Movie Facts and Fibs (MF$^2$): A Benchmark for Long Movie Understanding
Emmanouil Zaranis ⋅ António Farinhas ⋅ Saul Santos ⋅ Beatriz Canaverde ⋅ Miguel Moura Ramos ⋅ Wafaa Mohammed ⋅ Giuseppe Attanasio ⋅ Chrysoula Zerva ⋅ Nithin Sivakumaran ⋅ Shoubin Yu ⋅ Elena Bueno-Benito ⋅ Aditya K Surikuchi ⋅ Ben Peters ⋅ Danae Sanchez Villegas ⋅ Andre Viveiros ⋅ Pavlo Vasylenko ⋅ Baohao Liao ⋅ Sonal Sannigrahi ⋅ Jaehong Yoon ⋅ Elias Stengel-Eskin ⋅ Mariella Dimiccoli ⋅ Oswald Lanz ⋅ Alessandro Suglia ⋅ Mohit Bansal ⋅ Sandro Pezzelle ⋅ Stella Frank ⋅ Vlad Niculae ⋅ Desmond Elliott ⋅ Raffaella Bernardi ⋅ Raquel Fernández ⋅ Andre Martins
Abstract
Holistic understanding of long-form video remains a challenge for vision-language models (VLMs). Unfortunately, current benchmarks cannot easily capture this limitation, since they mostly focus on ``needle-in-a-haystack'' details, rewarding context-insensitive retrieval over deep comprehension. Others rely on large-scale, semi-automatically generated questions (often produced by language models themselves) that are easier for models to answer but fail to reflect genuine understanding. In this paper, we address this gap by introducing MF$^2$, a new benchmark to evaluate how well models are able to comprehend, consolidate, and recall key narrative information from full-length movies (**50-170 minutes long**), requiring integration of **both** visual and language modalities.

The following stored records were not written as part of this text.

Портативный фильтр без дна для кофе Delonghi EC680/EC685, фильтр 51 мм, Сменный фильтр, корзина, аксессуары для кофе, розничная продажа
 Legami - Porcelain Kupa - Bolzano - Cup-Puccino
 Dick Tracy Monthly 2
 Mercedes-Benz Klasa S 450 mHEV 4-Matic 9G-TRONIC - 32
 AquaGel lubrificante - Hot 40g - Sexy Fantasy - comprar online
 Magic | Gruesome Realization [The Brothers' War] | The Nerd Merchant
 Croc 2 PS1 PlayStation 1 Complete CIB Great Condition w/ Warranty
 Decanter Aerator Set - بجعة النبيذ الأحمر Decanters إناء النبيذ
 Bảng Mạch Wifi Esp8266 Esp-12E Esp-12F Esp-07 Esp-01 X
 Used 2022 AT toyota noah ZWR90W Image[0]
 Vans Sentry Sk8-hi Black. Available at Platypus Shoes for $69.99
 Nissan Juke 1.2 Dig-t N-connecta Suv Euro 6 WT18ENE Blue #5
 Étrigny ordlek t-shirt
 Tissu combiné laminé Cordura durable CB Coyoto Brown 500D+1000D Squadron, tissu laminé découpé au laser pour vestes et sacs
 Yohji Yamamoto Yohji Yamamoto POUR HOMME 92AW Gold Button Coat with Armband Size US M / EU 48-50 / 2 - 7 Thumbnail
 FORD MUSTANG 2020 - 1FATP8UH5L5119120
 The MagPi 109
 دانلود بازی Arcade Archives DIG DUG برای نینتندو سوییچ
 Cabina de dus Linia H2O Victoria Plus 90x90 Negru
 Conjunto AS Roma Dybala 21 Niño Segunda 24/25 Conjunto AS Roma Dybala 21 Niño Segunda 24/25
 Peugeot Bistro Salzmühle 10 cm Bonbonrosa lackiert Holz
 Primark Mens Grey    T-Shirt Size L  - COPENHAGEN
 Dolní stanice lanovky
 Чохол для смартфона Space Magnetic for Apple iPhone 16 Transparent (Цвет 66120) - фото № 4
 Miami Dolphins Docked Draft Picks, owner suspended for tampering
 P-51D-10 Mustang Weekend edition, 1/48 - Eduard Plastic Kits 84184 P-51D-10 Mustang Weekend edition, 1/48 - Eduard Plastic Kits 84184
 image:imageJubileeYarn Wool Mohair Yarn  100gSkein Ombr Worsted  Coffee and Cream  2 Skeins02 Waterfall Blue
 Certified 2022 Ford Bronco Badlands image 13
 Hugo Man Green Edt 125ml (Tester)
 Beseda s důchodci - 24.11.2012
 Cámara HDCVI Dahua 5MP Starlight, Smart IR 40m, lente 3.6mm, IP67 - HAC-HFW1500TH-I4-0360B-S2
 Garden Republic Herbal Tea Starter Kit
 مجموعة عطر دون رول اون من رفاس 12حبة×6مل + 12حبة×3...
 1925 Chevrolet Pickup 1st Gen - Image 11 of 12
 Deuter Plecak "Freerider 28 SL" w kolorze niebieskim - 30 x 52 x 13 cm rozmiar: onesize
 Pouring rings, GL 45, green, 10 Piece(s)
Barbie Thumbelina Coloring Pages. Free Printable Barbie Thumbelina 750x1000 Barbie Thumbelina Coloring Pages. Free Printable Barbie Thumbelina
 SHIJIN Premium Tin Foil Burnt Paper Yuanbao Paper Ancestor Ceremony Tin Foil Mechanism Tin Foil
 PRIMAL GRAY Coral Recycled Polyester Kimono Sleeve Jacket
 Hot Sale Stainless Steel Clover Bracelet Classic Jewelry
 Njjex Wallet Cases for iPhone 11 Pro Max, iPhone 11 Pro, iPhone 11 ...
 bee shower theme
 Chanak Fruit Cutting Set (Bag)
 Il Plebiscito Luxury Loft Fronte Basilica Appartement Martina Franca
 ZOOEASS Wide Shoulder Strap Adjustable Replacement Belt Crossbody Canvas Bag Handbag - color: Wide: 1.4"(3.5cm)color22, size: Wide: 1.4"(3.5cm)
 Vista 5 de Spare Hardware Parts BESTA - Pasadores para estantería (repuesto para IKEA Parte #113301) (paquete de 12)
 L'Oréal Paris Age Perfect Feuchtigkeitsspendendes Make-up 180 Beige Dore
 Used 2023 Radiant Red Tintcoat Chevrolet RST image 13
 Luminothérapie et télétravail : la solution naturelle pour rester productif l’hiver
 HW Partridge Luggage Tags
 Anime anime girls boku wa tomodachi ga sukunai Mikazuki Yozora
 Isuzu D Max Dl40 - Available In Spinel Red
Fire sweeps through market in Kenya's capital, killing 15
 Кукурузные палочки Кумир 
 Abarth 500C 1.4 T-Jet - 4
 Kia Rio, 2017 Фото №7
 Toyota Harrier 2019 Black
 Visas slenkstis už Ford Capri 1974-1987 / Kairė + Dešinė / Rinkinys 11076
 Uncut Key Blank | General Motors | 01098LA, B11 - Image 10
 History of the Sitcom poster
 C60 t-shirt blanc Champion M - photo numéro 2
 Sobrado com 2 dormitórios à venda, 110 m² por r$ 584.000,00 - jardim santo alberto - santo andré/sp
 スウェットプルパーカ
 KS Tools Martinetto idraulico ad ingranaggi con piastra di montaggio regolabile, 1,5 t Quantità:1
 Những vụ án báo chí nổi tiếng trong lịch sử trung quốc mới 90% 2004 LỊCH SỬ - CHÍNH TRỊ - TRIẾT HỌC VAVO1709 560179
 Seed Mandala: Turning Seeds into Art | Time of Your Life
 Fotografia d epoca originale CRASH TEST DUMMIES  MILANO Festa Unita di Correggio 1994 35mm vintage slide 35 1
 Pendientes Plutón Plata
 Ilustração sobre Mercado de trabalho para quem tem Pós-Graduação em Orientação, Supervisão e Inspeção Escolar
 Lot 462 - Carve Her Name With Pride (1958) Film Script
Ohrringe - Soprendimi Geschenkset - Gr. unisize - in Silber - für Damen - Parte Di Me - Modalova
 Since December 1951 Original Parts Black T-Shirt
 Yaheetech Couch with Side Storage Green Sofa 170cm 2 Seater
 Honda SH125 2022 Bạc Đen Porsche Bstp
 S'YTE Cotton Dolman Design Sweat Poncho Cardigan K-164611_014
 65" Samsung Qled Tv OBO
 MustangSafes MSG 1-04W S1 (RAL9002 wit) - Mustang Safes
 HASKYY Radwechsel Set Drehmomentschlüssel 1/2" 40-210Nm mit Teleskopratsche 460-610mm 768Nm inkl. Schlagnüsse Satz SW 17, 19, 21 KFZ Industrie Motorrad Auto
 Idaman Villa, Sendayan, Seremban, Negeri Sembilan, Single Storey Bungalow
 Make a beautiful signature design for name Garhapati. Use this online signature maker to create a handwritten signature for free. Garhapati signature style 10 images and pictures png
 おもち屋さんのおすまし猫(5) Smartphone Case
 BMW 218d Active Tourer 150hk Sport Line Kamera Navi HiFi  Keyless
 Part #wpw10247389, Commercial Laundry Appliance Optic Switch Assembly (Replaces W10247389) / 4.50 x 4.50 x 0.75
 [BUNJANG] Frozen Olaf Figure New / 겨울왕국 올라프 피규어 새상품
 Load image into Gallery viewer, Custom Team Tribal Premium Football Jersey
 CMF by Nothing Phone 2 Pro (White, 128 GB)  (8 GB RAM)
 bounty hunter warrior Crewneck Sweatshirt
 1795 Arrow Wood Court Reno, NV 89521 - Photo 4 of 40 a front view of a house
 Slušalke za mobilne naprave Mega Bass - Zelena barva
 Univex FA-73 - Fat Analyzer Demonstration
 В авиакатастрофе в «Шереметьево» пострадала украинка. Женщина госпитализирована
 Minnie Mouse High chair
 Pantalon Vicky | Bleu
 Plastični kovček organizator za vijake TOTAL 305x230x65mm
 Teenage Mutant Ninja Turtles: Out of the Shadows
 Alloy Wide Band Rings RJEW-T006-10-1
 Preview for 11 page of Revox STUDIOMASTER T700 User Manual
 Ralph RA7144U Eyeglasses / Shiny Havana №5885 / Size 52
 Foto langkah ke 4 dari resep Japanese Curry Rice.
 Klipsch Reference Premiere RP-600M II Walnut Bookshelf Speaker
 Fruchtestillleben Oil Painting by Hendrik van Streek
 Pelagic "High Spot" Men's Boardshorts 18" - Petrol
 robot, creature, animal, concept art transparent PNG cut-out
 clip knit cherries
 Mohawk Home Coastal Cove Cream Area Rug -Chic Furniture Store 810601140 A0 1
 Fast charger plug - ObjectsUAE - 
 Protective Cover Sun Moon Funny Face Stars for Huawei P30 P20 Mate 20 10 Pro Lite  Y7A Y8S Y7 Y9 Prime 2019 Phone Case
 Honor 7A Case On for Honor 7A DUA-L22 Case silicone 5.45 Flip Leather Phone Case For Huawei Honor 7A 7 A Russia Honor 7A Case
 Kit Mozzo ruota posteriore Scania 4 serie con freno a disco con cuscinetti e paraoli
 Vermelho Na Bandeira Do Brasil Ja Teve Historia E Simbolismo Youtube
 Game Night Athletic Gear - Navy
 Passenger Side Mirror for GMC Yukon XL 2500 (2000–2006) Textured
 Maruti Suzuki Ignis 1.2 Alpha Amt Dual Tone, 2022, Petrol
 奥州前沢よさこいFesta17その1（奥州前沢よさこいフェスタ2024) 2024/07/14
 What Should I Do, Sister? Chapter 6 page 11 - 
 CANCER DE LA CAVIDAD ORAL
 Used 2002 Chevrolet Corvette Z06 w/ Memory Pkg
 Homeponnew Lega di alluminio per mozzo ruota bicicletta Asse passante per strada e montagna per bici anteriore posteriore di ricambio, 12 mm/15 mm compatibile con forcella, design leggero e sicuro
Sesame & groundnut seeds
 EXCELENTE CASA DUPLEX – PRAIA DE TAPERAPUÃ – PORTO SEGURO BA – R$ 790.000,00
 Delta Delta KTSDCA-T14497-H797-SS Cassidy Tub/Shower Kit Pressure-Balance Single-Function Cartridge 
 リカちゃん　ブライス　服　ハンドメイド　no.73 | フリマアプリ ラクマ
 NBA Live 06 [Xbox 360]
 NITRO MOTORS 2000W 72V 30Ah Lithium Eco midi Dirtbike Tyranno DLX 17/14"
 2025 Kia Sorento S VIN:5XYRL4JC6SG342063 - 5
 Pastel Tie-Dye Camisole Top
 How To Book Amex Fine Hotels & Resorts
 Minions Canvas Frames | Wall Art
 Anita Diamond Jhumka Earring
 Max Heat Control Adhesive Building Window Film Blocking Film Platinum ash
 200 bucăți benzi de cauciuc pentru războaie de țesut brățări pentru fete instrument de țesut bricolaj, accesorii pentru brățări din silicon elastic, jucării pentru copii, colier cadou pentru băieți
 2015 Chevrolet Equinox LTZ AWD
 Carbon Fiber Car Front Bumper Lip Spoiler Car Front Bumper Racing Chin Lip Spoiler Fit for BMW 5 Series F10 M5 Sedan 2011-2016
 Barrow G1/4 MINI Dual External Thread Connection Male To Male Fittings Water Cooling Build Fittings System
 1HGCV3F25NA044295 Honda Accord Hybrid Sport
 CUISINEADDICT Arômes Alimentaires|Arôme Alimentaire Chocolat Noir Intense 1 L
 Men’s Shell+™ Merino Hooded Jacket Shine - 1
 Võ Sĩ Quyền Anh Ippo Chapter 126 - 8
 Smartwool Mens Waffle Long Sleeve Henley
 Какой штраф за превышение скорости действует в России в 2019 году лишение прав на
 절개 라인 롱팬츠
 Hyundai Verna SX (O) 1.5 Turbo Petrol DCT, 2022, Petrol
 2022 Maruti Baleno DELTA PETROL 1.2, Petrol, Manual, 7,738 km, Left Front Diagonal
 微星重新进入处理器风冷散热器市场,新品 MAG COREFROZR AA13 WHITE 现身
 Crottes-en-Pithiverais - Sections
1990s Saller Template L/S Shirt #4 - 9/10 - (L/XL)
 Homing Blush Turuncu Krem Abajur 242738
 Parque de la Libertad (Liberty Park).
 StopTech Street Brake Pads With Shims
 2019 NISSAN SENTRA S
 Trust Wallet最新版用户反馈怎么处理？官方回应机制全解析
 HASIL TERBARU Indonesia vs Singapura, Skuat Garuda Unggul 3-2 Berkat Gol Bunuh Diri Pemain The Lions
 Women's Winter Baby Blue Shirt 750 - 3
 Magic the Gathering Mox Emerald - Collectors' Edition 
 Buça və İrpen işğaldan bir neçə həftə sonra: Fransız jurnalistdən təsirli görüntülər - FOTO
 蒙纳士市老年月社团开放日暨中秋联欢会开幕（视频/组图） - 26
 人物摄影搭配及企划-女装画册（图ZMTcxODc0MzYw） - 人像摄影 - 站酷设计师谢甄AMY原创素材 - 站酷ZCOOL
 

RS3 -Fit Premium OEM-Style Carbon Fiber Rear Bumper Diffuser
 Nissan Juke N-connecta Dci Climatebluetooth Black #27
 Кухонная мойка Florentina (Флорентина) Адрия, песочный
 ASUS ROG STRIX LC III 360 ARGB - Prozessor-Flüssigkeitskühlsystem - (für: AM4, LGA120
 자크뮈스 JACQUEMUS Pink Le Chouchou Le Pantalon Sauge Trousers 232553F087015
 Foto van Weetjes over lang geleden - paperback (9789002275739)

MF$^2$ includes over 50 full-length, **open-licensed** movies, each paired with manually constructed sets of claim pairs---one true (*fact*) and one plausible but false (*fib*), totalling over 850 pairs. These claims target core narrative elements such as character motivations and emotions, causal chains, and event order, and refer to **memorable moments** that humans can recall without rewatching the movie. Our experiments demonstrate that both open-weight and closed state-of-the-art models fall well short of human performance. Despite the relative ease of the task for humans who can effectively retain and reason over critical narrative information, current VLMs lack this ability and thus struggle.